Lors d’une déclaration de guerre, les Romains ouvrent solennellement les portes de son sanctuaire, pour indiquer que le dieu est parti combattre, et les referment en temps de paix, pour montrer que le dieu, sauvegarde de la cité, a réintégré son sanctuaire. Peu à peu, les attributions de Janus ont pris une extension considérable. Il est devenu le dieu du commencement de toutes choses, celui de l’Année (
Januarius signifie « janvier »), le dieu des Quatre Saisons : il porte alors quatre têtes au lieu de deux. Ovide prétend que Janus possède un double visage, parce qu’il exerce son pouvoir sur la Terre et sur les Cieux. Peut-être n’est-il nullement un dieu cosmogonique, mais seulement et exclusivement un dieu de Rome, symbolisant la surveillance de la ville, où transitent les trafics sur le Tibre, en amont comme en aval.
La diversité de ces attributions montre à quel point Janus est le dieu essentiel d’un monde ou d’une ville qui s’ouvre et se ferme à sa volonté, sans que rien lui échappe.
--------------Dictionnaire de la mythologie grecque et romaine, Joël Schmidt, Librairie Larousse, 1965, 320 pages, p. 171.
É. Hamilton a écrit:
Les dieux romains
---Janus, lui aussi, fit d’abord partie des Numina ; il était le dieu des « entreprises propices », qui ne pouvaient que s’achever heureusement.
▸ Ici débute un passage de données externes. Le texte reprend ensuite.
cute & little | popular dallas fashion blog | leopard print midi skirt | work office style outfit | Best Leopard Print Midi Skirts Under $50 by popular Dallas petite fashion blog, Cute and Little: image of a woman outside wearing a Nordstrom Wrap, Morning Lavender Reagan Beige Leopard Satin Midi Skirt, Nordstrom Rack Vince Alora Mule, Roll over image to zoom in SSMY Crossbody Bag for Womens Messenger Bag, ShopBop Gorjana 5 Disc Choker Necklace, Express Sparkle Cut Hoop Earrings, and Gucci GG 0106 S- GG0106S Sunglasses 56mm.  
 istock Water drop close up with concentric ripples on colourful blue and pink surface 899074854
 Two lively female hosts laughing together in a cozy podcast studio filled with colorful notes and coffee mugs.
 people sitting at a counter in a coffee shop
Jusqu’à un certain point, il fut plus tard pourvu d’une personnalité distincte. Parmi les nombreux temples qui lui furent dédiés, le plus important se trouvait à Rome ; il était orienté d’est en ouest, du levant au couchant ; deux portes y donnaient accès, entre lesquelles s’élevait une statue de Janus à deux visages, l’un jeune, l’autre âgé. On ne fermait ces portes que lorsque Rome était en paix.
Elles ne furent closes que trois fois pendant les 7 premiers siècles qui suivirent la fondation de la cité, la première pendant le règne du bon roi Numa Pompilius ; la seconde après la première guerre Punique, en 241 av. J.-C., lorsque Carthage fut défaite ; et enfin sous le règne d’Auguste, lorsque, ainsi que dit Milton :
------------- On n’entendait plus dans le monde
-------------Ni le bruit de la guerre ni celui des batailles.
---Bien entendu, janvier, mois de Janus, commençait l’année.
--- [...] Une coutume de la ville voulait que la porte du temple de Janus, toujours close en temps de paix, fût ouverte dès qu’une guerre était décidée. Alors le Roi soulevait les barres des deux battants, les trompettes résonnaient et les guerriers poussaient de grands cris. […] Et la joie envahit la cité, joie du combat promis, des cuirasses scintillantes et des chevaux de bataille et des fiers étendards déployés, joie de se préparer à une guerre sans merci.
La mythologie, Édith Hamilton, Les Nouvelles Éditions Marabout, 1962, 416 pages, p. 43 et 284.